[ML] Linear Model

2018-07-18 PV:

Statistical Methods

参数方法，例如Linear Model。参数方法容易拟合，且可解释性强，但也存在问题。以Linear Model为例，若真实存在的模型本身就不是Linear，那就会有问题。
非参数方法：不需要显式指定$f$的形式，例如KNN。非参数方法的优点在于：因没有显示指定$f$，故Non-Parameter Methods可以拟合比Parameter Methods更广的函数。

Linear Model

Standard error can be used to compute confidence intervals. A 95% confidence interval is defined as a range of values such that with 95% probability, the range will contain the true unknown value of the parameter.

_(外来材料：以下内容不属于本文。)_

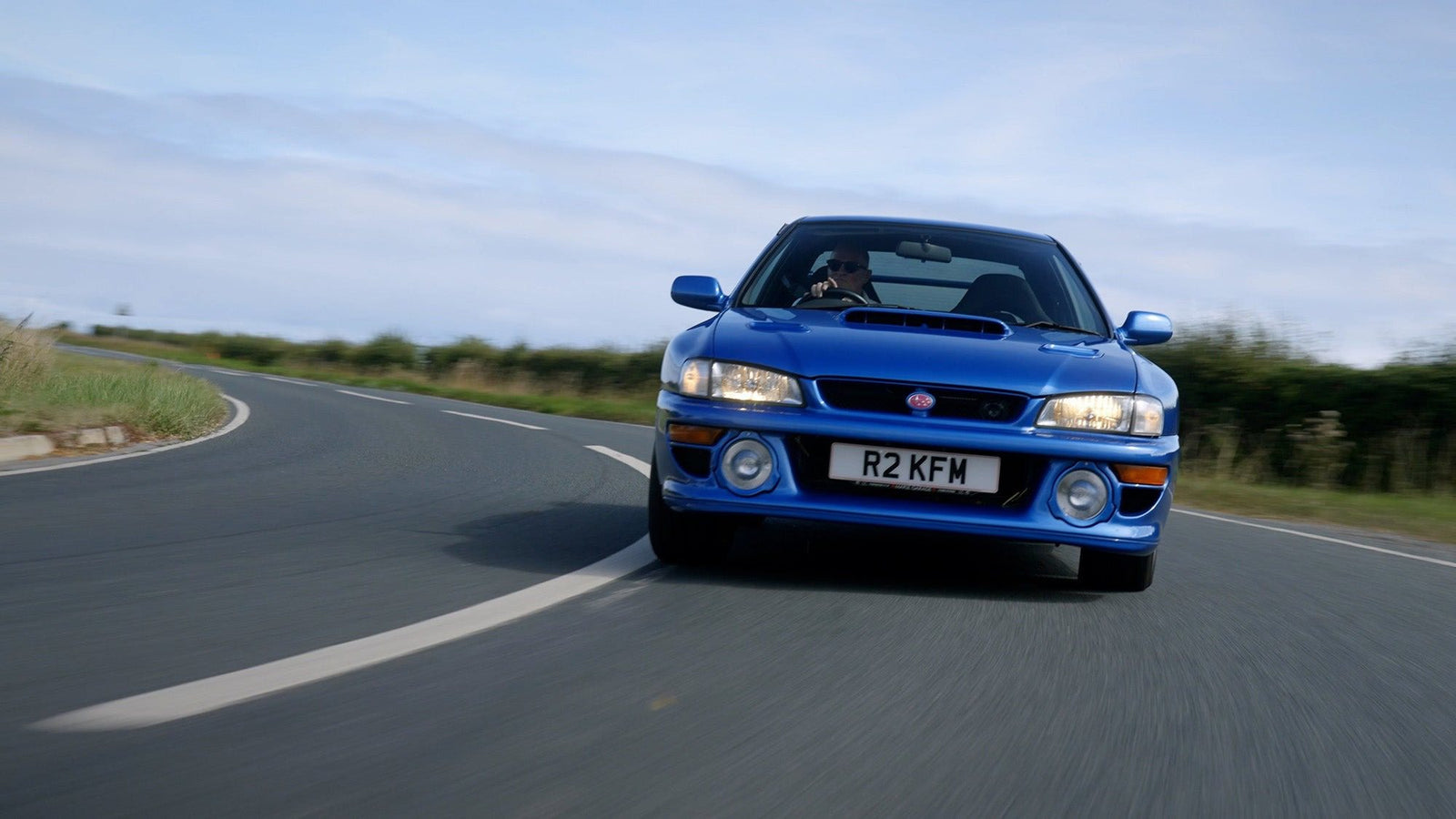 A blue Subaru 22B STi with the license plate "R2 KFW" is driving on a curved, paved road with greenery and a cloudy sky in the background, perfect for a Petrolicious Film Friday feature.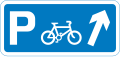 Junction ahead leading to a parking place for pedal cycles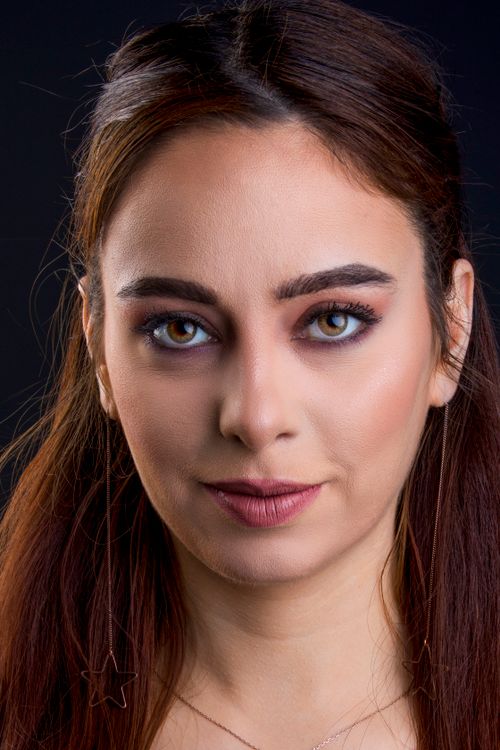 Free Close-up portrait of a young woman with stunning eye makeup, looking confidently at the camera. Stock Photo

The range is defined in terms of lower and upper limits computed from the sample of data. For linear regression, the 95% confidence interval for $\beta1$ approximately takes the form:

$\hat{\beta}_1\pm 2\cdot SE(\hat{\beta}_1)$

That is, there is approximately a 95% chance that the interval $[\hat{\beta}_1- 2\cdot SE(\hat{\beta}_1), \hat{\beta}_1+ 2\cdot SE(\hat{\beta}_1)]$ will contain the true value of $\beta_1$.
Standard error也可用于假设检验：
原假设$H_0$: $X$和$Y$之间没有关系，即$\beta_1= 0$
备择假设$H_{\alpha}$: $X$和$Y$之间有关系，即$\beta_1\neq 0$

因此我们需要判断$\hat{\beta}_1$ (即$\beta$的估计值)是否远离0。这取决于$SE(\hat{\beta}_1)$，若$SE(\hat{\beta}_1)$非常小，那么即便是相对较小的$\hat{\beta}_1$值也可以足够肯定$\beta_1\neq 0$。若$SE(\hat{\beta}_1)$非常大，那么$\hat{\beta}_1$的绝对值必须足够大才能拒绝原假设。
RSS measures the amount of variability that is left unexplained after performing the regression.
TSS-RSS measures the amount of variability in the response that is explained by performing the regression.
$R^2$ measures the proportion of variability in $Y$ that can be explained using $X$.
可以使用 residual plot 来分析Outliers，离得太远的可以被视为是outliers，但是如何量化”多远”这个度量呢？可以使用 studentized residual，计算方式为$e_i/SE(e_i)$。

Observations whose studentized residuals are greater than 3 in absolute value are possible outliers.
A simple way to detect collinearity is to look at the correlation matrix of the predictors. An element of this matrix is large in absolute value indicates a pair of highly correlated variables, and therefore a collinearity problem in the data.

However, it is possible for collinearity to exist between three or more variables even if no pair of variable has a particularly high correlation. We call this ‘’multi-collinearity’’.

A better way to detect multi-collinearity is to use VIF (variance inflation factor). VIF is the ratio of the variance of $\hat{\beta}_j$ when fitting the full model divided by the variance of $\hat{\beta}_j$ if fits on its own.

$$
VIF(\hat{\beta_j})=\frac{1}{1-R_{X_j|X_{-j}}^2}
$$

VIF 最小为1，代表完全没有共线性，VIF大于5或10时代表有比较严重的共线性。
In high dimensions there is effectively a reduction in sample size. High dimensions result in a phenomenon in which a given observation has no nearby neighbors ——that is called curse of dimensionality. That is, the K observations that are nearest to a given test observation $x_0$ may be very far away from $x_0$ in p-dimensional space when p is large, leading to a very poor prediction of $f(x_0)$ and hence a poor KNN fit.
Generally, Parameter-Methods will tend to outperform non-parameter methods when there’s a small number of observations per predictors.